Recours facilité aux CDD et aux contrats d’intérim
La première liberté nouvelle donnée aux négociateurs des branches professionnelles porte sur les caractéristiques des contrats à durée déterminée (CDD) et des contrats d’intérim. Une évolution substantielle dans un contexte où les embauches sont réalisées à près de 90 % en CDD, dont 70 % pour moins d’un mois. Les motifs de recours au CDD restent fixés par la loi, qui lui conserve son caractère obligatoirement temporaire ; la prime de précarité demeure elle aussi légale. Pour le reste, l’ordonnance n° 3 accorde une large liberté de négociation.
Durée du CDD. Sa durée maximale pourra être allongée au-delà de dix-huit mois, ce qui était la règle jusqu’alors, hormis quelques exceptions. Cette limite est désormais négociable sans plafond. « La règle de base, rappelée par la jurisprudence, demeure qu’un CDD ne peut avoir pour objet de pourvoir un poste lié à une activité durable dans l’entreprise », prévient néanmoins Roger Koskas, avocat de salariés au sein de Brihi-Koskas et associés à Paris. En outre, la branche est autorisée à aller au-delà des deux renouvellements de CDD (la loi Rebsamen du 17 août 2015 l’autorisait déjà, mais dans la limite de dix-huit mois au total). L’ordonnance ne prévoit aucun plafond.
Délai de carence entre deux contrats. La négociation est désormais possible au niveau de la branche pour réduire ou supprimer la carence entre deux contrats, actuellement d’un tiers ou de la moitié de la durée du contrat selon les cas. Le recours aux contrats intérimaires est facilité dans les mêmes proportions.

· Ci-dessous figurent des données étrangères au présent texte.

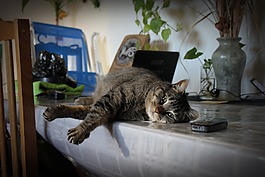 貓,寵物,動物
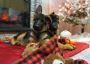 German Shepherd Puppies for Sale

Transmission du CDD ou du contrat d’intérim au salarié. Son retard n’entraînera plus sa requalification en contrat à durée indéterminée (CDI). Jusqu’à présent, le délai était de deux jours ouvrables suivant l’embauche.

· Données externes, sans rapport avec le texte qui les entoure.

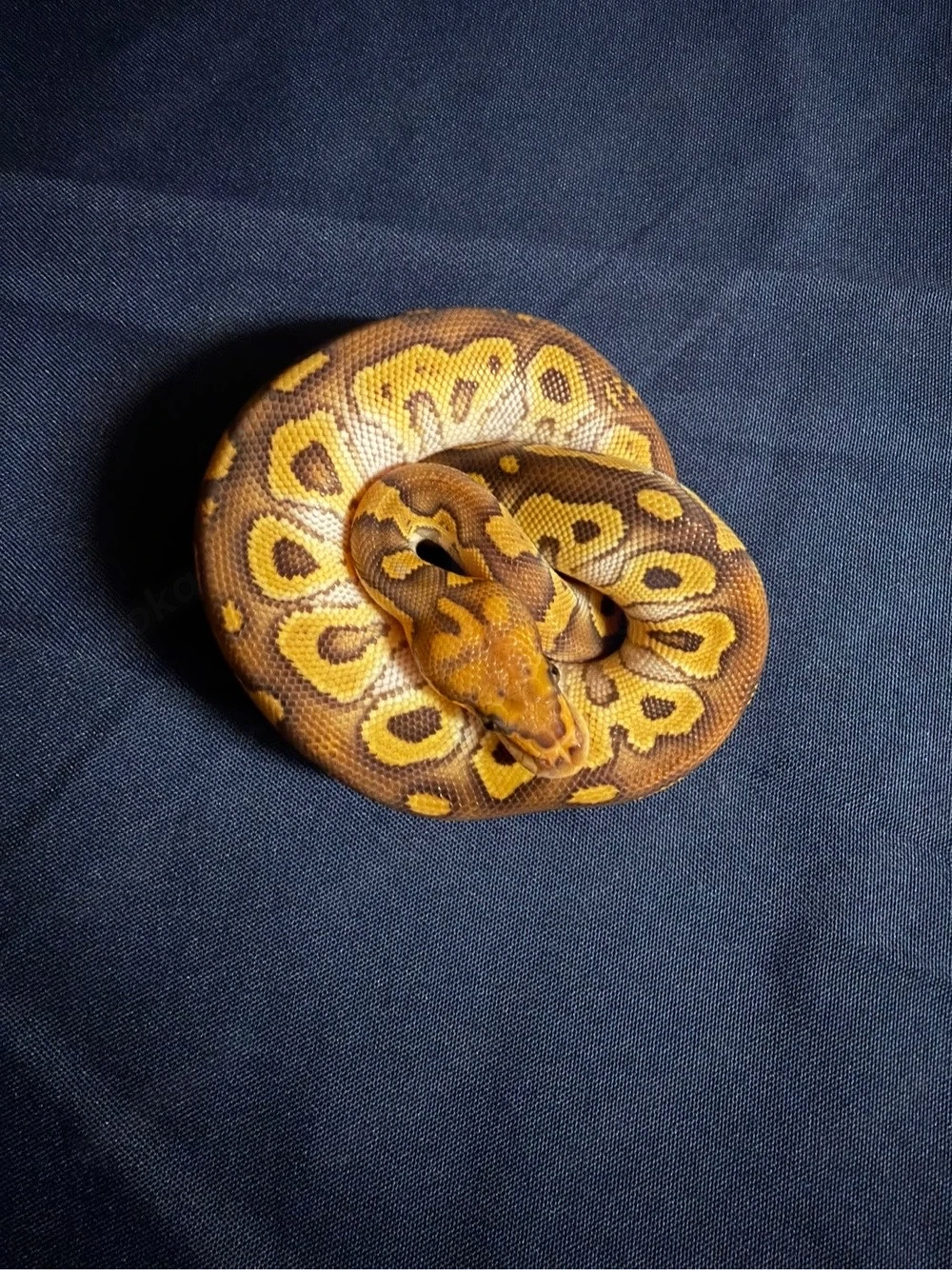 1,0 Mojave Clown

Contreparties pour les salariés
Faut-il s’attendre à une large dérégulation de l’usage des CDD ? Laurent Beljean, avocat au sein d’Aerys Avocats à Lyon qui conseille les employeurs, en doute : « Certes, les règles relatives au CDD ne résulteront plus exclusivement de la loi, mais il n’y aura pas dans ce domaine un Code du travail par entreprise. » Dans le cadre d’une négociation de branche, entre représentants patronaux et syndicaux généralement chevronnés, « le mouvement devrait être maîtrisé, et ce, d’autant plus que les accords devront être étendus pour pouvoir s’appliquer aux entreprises de la branche, c’est-à-dire avalisés par le ministère du Travail ». Si, par exemple, un nombre accru de renouvellements était négocié, ce serait en contrepartie d’avantages pour les salariés, assure-t-il. « On peut attendre des branches qu’elles n’ouvrent pas une concurrence sociale effrénée entre les entreprises d’un secteur d’activité », pronostique Roger Koskas. De plus, une inconnue pourrait guider le comportement des employeurs : le malus sur les charges sociales patronales que le gouvernement entend appliquer aux entreprises abusant des contrats courts, avec un éventail de 2 à 10 %, contre un taux unique de 4,05 % actuellement.

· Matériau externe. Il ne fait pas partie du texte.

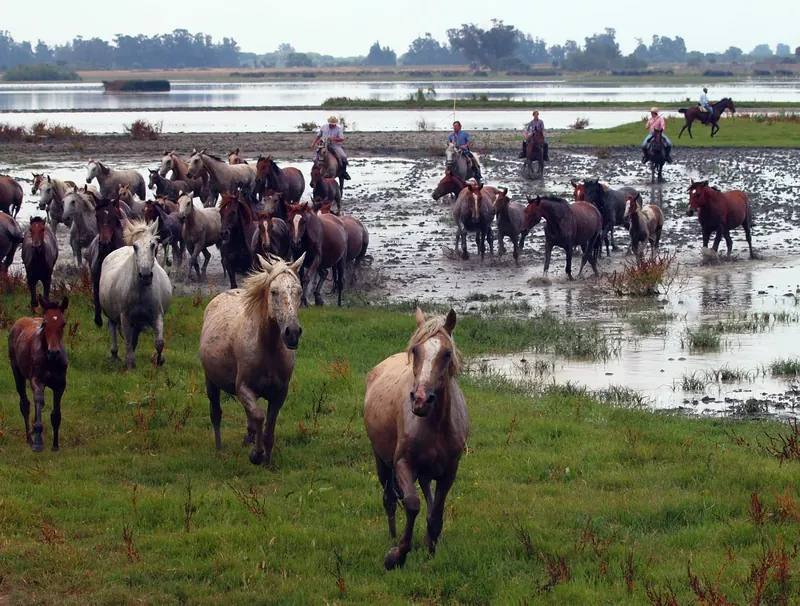 Caballo marismeño en las marismas del Guadalquivir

Période d’essai assouplie pour les CDD et les CDI
La durée de la période d’essai pour les CDD et les CDI peut être désormais soumise à la négociation de branche. Le Code du travail autorise le salarié comme l’employeur à rompre librement un contrat de travail, pendant deux mois pour les ouvriers et les employés, trois mois pour les techniciens-agents de maîtrise et six mois maximum pour les cadres. Il était permis de renouveler cette durée pour qu’elle atteigne respectivement quatre, six et douze mois en cas d’accord de branche étendu, avant la loi de 2008 sur la modernisation du marché du travail. Cette possibilité est de nouveau ouverte.
Le CDI de chantier élargi à d’autres secteurs
Le CDI de chantier, un contrat temporaire déjà pratiqué dans la branche du bâtiment, pourra s’appliquer à tous les secteurs d’activité qui le décideront par accord social. « Les branches auront donc à déterminer une typologie d’activités permettant d’y recourir », précise Roger Koskas. Car il ne conviendra pas à toutes.